私の場合「チャンス」というのは、たとえば産総研の中で、何を研究するかを自分で決めることができたということです。でもこれには同時にリスクも伴います。とくにトンボ研究に関しては、やりたいことをやっているように見えますが、先にお伝えしたようにトンボは研究の先例が大変少ないため、研究方法も確立されていません。サンプルも自分で調達しなくてはなりませんし、どんな結果が出るかもわかりません。でもリスクがありながらも、何をやるかは自分で選べる。そこで「チャレンジするなら今しかない」と思って行動した結果、今があります。
やりたい研究ができるのは、ある程度自由な研究の場を提供してくれているグループ長や部門長はじめ周囲の方々のお陰で、出会いに感謝しています。同時に、なにかを達成するには、やはり本人の地道な努力が大事です。本当にやりたいことがあるのなら、勉強はしっかりやっておいたほうがいいと思うことがあります。そうすれば、やりたいことができるチャンスが広がるように感じています。

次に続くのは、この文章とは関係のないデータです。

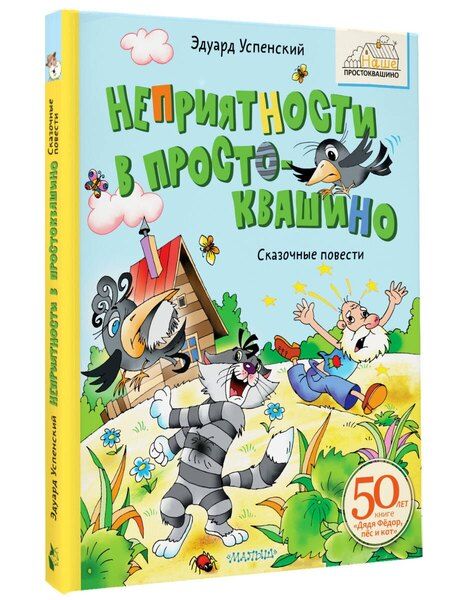 Фотография книги "Эдуард Успенский: Неприятности в Простоквашино. Сказочные повести"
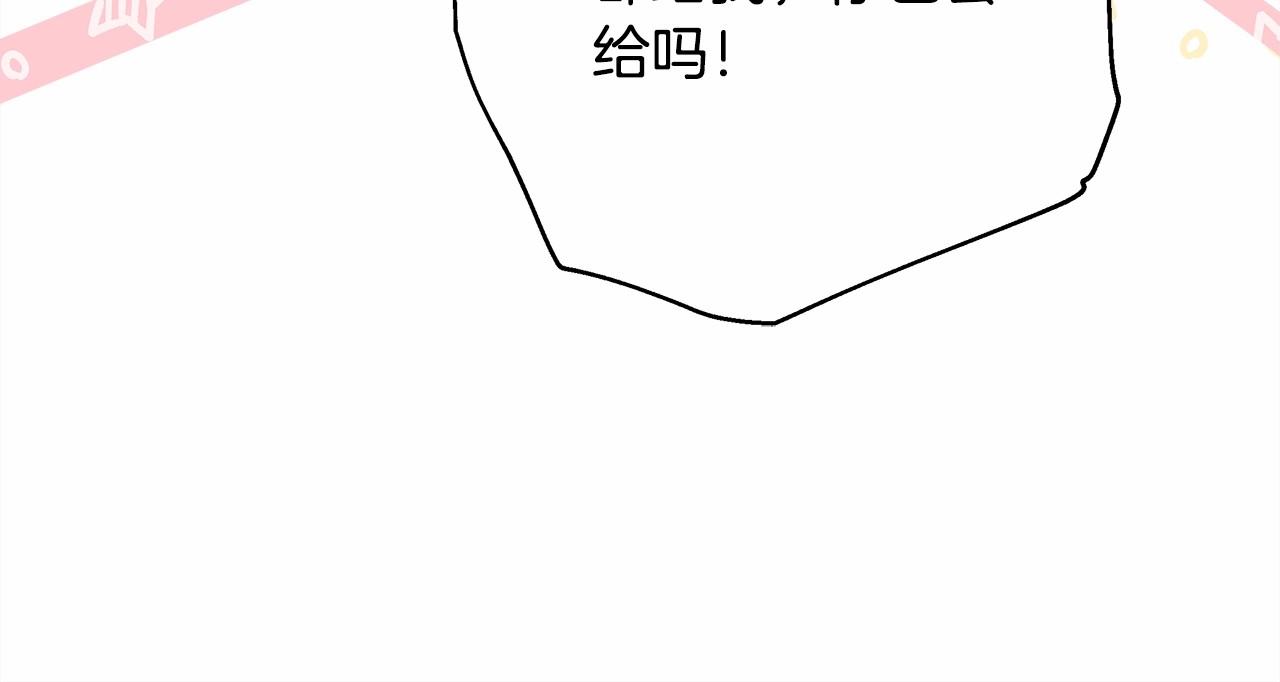 第6话 扑倒大公，我磕到了(1/4)-第7话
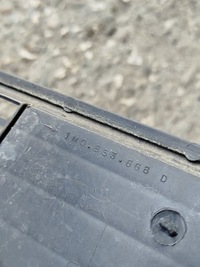 фото thumb №9, Решітка бампера середня seat leon toledo 2 1m0853668d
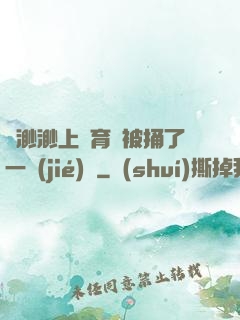 葉渺渺上體育課被捅了一節(jié)課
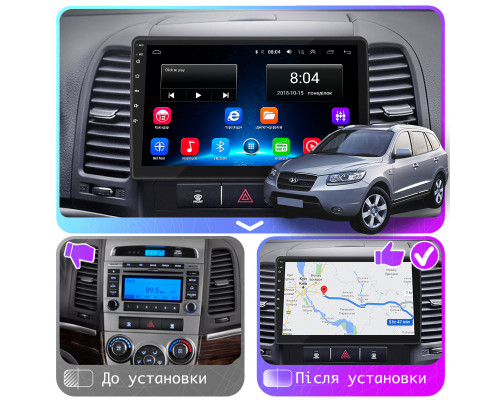 Штатная магнитола Lesko для Hyundai Santa Fe II 2005-2010 экран 9" 2/32Gb Wi-Fi GPS Base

例えば研究者にとっては論文を書くのは非常に重要で、論文は英語が基本なので英語力は必須です。でも、より大事なのは国語力です。英語はAIなどを使った自動翻訳で対応できる未来が来るかもしれませんが、それでもオリジナルの日本語の文章力や、論理が破綻していたらどうしようもありません。また、生物の研究では結果を数値として表すことが多いため、解析には数学的なセンスも欠かせません。こうした基本的な力を地道に積み上げてきたことも、私が夢に近づけた一因かもしれません。